THE INPUT =>
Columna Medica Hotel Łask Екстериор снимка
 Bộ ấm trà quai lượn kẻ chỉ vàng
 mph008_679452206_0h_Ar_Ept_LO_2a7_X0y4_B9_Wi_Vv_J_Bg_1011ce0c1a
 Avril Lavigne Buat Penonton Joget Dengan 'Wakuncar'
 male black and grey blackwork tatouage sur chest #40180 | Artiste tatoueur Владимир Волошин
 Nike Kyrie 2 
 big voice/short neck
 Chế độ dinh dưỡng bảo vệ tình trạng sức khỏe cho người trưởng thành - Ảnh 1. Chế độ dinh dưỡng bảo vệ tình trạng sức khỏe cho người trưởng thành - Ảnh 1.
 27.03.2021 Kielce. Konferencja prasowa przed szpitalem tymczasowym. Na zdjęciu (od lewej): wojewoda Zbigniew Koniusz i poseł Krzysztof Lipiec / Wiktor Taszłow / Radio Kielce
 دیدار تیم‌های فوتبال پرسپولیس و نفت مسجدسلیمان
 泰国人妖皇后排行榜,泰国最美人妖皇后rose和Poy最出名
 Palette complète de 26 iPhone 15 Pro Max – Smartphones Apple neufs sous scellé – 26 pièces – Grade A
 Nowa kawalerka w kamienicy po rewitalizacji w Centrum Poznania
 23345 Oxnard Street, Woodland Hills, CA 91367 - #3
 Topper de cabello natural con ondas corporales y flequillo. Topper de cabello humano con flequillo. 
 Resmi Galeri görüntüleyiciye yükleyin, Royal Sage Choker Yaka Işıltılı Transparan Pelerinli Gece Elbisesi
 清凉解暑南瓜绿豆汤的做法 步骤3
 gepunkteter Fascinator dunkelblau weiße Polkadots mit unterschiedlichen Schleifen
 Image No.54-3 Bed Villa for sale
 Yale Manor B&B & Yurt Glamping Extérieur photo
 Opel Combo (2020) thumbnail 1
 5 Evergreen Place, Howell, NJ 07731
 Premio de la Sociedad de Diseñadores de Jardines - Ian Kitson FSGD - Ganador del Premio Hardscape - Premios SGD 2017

PROBLEM TO SOLVE =>
Looking at the records above, return exactly the lines from the line with "Nike Kyrie 2" to the line with "- Ảnh 1. Chế", both ends included.

EXPECTED ANSWER =>
 Nike Kyrie 2 
 big voice/short neck
 Chế độ dinh dưỡng bảo vệ tình trạng sức khỏe cho người trưởng thành - Ảnh 1. Chế độ dinh dưỡng bảo vệ tình trạng sức khỏe cho người trưởng thành - Ảnh 1.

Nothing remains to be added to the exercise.